THE TASK => Going line by line through the data below, how many lines contain the word "above"? Give only the number.

INPUT DATA =>
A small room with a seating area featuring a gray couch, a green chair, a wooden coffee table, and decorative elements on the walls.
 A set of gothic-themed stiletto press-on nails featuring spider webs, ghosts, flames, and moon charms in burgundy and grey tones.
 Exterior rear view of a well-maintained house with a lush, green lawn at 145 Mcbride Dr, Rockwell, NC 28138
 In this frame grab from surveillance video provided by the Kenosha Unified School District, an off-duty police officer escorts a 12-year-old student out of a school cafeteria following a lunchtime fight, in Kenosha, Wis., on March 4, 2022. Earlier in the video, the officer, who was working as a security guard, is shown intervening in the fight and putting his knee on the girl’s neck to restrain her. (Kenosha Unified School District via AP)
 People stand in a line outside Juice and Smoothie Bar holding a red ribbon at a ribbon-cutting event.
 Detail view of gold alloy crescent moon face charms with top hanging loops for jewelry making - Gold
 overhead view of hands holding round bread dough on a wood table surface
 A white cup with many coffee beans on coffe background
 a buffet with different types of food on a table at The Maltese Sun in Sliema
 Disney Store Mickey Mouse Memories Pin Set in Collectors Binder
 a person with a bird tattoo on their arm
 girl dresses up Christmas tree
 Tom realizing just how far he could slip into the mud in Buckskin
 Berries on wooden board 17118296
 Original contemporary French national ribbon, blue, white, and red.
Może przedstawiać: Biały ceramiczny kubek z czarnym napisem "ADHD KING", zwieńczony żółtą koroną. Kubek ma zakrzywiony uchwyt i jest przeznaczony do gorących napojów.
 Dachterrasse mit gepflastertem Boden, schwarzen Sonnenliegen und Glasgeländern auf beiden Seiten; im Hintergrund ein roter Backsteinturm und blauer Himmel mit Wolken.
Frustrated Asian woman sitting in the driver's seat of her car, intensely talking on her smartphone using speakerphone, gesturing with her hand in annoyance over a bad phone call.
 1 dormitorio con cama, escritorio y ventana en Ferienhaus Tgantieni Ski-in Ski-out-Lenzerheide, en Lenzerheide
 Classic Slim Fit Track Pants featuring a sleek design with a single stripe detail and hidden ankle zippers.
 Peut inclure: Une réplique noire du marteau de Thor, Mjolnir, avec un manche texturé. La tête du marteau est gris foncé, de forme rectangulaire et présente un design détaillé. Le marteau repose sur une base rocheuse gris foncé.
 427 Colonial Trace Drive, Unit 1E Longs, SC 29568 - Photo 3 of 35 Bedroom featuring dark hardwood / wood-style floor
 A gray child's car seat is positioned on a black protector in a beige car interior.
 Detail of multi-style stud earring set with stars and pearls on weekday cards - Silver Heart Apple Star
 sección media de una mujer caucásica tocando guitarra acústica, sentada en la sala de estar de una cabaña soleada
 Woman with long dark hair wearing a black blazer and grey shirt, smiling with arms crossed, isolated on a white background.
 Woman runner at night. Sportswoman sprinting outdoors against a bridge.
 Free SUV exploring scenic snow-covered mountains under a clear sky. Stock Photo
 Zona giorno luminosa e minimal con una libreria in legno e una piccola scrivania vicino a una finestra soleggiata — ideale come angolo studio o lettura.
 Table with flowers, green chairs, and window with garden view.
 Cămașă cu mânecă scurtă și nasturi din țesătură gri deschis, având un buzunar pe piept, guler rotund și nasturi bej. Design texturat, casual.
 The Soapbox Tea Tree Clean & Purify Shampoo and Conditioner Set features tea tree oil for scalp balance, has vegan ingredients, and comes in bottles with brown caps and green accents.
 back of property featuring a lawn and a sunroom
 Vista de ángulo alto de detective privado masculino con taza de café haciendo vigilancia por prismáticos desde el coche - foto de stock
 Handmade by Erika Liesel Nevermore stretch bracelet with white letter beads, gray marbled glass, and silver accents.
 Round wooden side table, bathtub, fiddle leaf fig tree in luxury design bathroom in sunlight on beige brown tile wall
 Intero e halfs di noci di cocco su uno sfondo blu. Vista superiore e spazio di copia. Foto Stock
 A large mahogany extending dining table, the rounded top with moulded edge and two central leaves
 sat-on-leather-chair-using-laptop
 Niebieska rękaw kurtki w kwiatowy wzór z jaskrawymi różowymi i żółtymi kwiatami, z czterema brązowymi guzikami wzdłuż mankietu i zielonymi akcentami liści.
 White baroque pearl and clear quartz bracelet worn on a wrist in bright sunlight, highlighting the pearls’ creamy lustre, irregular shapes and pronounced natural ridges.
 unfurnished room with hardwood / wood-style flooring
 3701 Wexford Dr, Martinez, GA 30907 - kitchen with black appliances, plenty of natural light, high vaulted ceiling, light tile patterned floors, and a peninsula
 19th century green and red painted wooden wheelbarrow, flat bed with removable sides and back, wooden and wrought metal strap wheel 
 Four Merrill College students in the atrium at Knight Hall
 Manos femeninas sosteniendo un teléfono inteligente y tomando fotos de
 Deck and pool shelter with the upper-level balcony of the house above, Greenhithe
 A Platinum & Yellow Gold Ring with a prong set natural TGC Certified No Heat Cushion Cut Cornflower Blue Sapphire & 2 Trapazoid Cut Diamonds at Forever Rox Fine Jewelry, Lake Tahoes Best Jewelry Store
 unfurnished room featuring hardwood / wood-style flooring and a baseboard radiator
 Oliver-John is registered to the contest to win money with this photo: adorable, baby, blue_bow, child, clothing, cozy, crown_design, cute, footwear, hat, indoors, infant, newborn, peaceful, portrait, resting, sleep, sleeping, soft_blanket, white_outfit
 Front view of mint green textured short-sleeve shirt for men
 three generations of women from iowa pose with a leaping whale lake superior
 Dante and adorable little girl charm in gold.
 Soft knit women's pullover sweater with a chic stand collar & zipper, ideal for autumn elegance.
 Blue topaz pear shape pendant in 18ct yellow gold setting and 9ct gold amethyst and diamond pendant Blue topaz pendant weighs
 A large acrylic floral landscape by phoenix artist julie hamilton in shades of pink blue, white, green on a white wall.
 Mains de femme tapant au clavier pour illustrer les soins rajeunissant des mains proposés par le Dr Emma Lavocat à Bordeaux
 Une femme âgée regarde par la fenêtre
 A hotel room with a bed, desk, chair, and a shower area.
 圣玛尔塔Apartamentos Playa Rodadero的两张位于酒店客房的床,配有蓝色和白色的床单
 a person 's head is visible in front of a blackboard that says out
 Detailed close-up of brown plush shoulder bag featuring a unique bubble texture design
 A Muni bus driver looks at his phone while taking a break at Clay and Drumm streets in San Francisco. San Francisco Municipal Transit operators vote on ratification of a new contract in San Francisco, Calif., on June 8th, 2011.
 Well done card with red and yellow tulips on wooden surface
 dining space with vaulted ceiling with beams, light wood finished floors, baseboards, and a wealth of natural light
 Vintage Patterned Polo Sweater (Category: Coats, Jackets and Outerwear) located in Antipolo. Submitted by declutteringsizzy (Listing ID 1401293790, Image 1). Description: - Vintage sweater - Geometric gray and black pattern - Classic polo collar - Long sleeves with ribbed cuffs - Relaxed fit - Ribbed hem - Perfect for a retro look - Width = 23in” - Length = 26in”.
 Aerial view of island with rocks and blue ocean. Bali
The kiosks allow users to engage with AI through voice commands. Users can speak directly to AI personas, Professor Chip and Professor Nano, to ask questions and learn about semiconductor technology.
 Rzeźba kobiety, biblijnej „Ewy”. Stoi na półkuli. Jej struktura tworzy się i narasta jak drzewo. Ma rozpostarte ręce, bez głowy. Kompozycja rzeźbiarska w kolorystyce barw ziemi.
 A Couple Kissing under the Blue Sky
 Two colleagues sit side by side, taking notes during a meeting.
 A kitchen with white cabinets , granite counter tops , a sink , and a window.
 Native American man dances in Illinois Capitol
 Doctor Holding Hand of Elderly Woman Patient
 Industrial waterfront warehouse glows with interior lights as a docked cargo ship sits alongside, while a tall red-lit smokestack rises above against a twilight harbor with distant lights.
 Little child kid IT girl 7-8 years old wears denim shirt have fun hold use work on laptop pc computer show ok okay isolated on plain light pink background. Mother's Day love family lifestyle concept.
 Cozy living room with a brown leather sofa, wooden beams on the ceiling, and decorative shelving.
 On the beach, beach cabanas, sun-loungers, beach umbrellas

EXERCISE RESPONSE => 2